# TASK PROMPT:
Your answer should be the exact lines of the data below from the one containing "Baby Gap Grey Hooded Jacket 4 Years" through the one containing "Spandex Zaire Teal Fabric"; please include nothing else.

*** DATA TO PROCESS ***

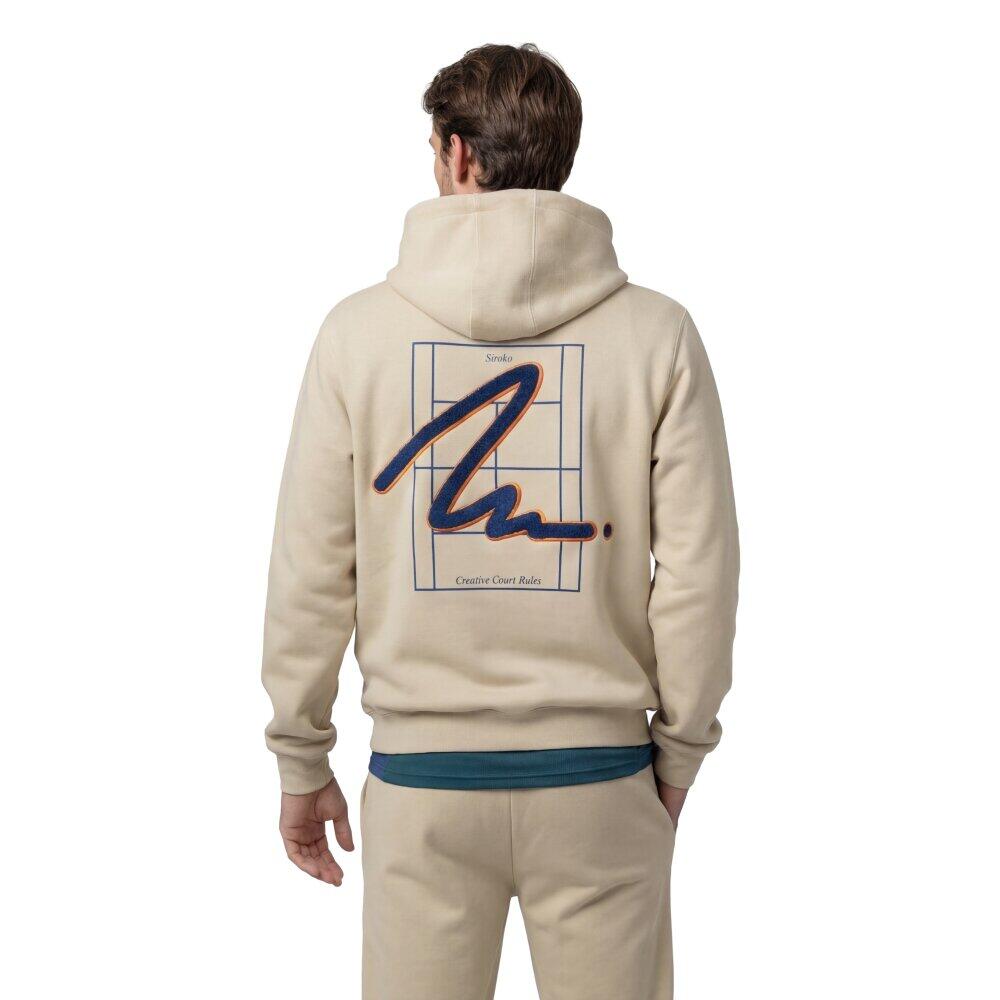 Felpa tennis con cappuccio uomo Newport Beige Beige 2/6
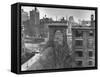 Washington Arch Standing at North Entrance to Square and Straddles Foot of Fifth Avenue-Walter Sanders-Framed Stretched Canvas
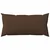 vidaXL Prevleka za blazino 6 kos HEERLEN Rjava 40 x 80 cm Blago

***
*** DATA TO PROCESS ***

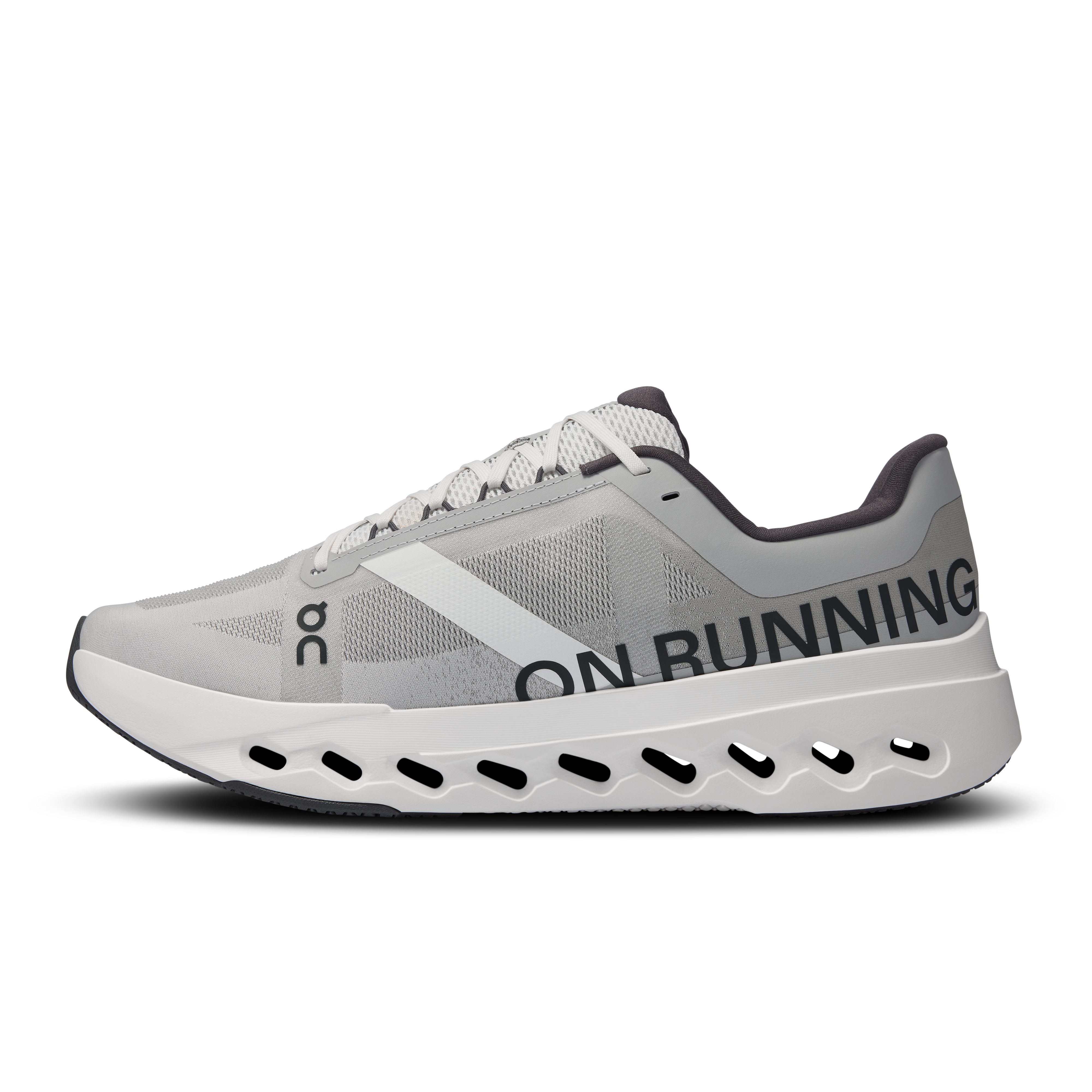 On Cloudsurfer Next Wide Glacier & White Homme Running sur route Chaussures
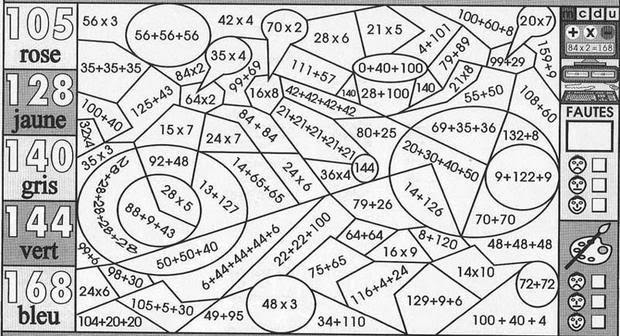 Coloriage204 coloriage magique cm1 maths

***
*** DATA TO PROCESS ***

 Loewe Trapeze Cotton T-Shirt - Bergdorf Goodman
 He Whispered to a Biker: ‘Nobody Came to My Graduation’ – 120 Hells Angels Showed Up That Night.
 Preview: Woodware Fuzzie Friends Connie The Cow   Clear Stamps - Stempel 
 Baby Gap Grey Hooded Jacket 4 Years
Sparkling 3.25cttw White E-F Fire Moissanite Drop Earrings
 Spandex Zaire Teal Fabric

***

# THE ANSWER:
 Baby Gap Grey Hooded Jacket 4 Years
Sparkling 3.25cttw White E-F Fire Moissanite Drop Earrings
 Spandex Zaire Teal Fabric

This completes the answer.